═════ Provided information ═════

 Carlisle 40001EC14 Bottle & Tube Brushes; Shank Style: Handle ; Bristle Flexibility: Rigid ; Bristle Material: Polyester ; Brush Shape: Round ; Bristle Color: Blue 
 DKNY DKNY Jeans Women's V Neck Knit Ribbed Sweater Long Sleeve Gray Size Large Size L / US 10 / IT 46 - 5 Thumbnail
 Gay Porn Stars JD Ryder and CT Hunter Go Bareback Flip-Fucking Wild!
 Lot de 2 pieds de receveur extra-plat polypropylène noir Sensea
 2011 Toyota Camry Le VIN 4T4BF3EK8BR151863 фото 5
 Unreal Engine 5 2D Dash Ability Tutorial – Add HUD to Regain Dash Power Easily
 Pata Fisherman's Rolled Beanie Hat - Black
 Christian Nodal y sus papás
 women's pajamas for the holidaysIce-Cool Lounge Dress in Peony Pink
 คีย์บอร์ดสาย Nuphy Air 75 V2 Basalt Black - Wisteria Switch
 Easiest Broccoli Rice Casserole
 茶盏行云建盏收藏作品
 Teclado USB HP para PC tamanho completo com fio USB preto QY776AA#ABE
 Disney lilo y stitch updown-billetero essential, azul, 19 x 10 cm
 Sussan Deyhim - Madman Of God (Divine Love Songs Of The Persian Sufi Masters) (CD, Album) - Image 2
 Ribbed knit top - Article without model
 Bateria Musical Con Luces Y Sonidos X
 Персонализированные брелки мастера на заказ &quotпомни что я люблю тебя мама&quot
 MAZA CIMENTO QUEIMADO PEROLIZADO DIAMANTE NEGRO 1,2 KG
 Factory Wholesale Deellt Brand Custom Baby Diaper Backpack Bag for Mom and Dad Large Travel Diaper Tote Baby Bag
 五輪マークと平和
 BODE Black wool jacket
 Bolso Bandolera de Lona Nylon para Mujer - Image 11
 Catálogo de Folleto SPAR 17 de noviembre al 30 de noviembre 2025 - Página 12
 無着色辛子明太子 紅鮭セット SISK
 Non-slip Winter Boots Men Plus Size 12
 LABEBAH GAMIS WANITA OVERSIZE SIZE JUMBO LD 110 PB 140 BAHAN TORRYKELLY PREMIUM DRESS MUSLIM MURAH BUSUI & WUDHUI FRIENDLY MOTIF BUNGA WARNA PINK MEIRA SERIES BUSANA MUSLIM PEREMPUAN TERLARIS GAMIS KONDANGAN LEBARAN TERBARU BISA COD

═════

= Instructions to follow =
The answer should contain every line of the data, unchanged.

= Output below =
 Carlisle 40001EC14 Bottle & Tube Brushes; Shank Style: Handle ; Bristle Flexibility: Rigid ; Bristle Material: Polyester ; Brush Shape: Round ; Bristle Color: Blue 
 DKNY DKNY Jeans Women's V Neck Knit Ribbed Sweater Long Sleeve Gray Size Large Size L / US 10 / IT 46 - 5 Thumbnail
 Gay Porn Stars JD Ryder and CT Hunter Go Bareback Flip-Fucking Wild!
 Lot de 2 pieds de receveur extra-plat polypropylène noir Sensea
 2011 Toyota Camry Le VIN 4T4BF3EK8BR151863 фото 5
 Unreal Engine 5 2D Dash Ability Tutorial – Add HUD to Regain Dash Power Easily
 Pata Fisherman's Rolled Beanie Hat - Black
 Christian Nodal y sus papás
 women's pajamas for the holidaysIce-Cool Lounge Dress in Peony Pink
 คีย์บอร์ดสาย Nuphy Air 75 V2 Basalt Black - Wisteria Switch
 Easiest Broccoli Rice Casserole
 茶盏行云建盏收藏作品
 Teclado USB HP para PC tamanho completo com fio USB preto QY776AA#ABE
 Disney lilo y stitch updown-billetero essential, azul, 19 x 10 cm
 Sussan Deyhim - Madman Of God (Divine Love Songs Of The Persian Sufi Masters) (CD, Album) - Image 2
 Ribbed knit top - Article without model
 Bateria Musical Con Luces Y Sonidos X
 Персонализированные брелки мастера на заказ &quotпомни что я люблю тебя мама&quot
 MAZA CIMENTO QUEIMADO PEROLIZADO DIAMANTE NEGRO 1,2 KG
 Factory Wholesale Deellt Brand Custom Baby Diaper Backpack Bag for Mom and Dad Large Travel Diaper Tote Baby Bag
 五輪マークと平和
 BODE Black wool jacket
 Bolso Bandolera de Lona Nylon para Mujer - Image 11
 Catálogo de Folleto SPAR 17 de noviembre al 30 de noviembre 2025 - Página 12
 無着色辛子明太子 紅鮭セット SISK
 Non-slip Winter Boots Men Plus Size 12
 LABEBAH GAMIS WANITA OVERSIZE SIZE JUMBO LD 110 PB 140 BAHAN TORRYKELLY PREMIUM DRESS MUSLIM MURAH BUSUI & WUDHUI FRIENDLY MOTIF BUNGA WARNA PINK MEIRA SERIES BUSANA MUSLIM PEREMPUAN TERLARIS GAMIS KONDANGAN LEBARAN TERBARU BISA COD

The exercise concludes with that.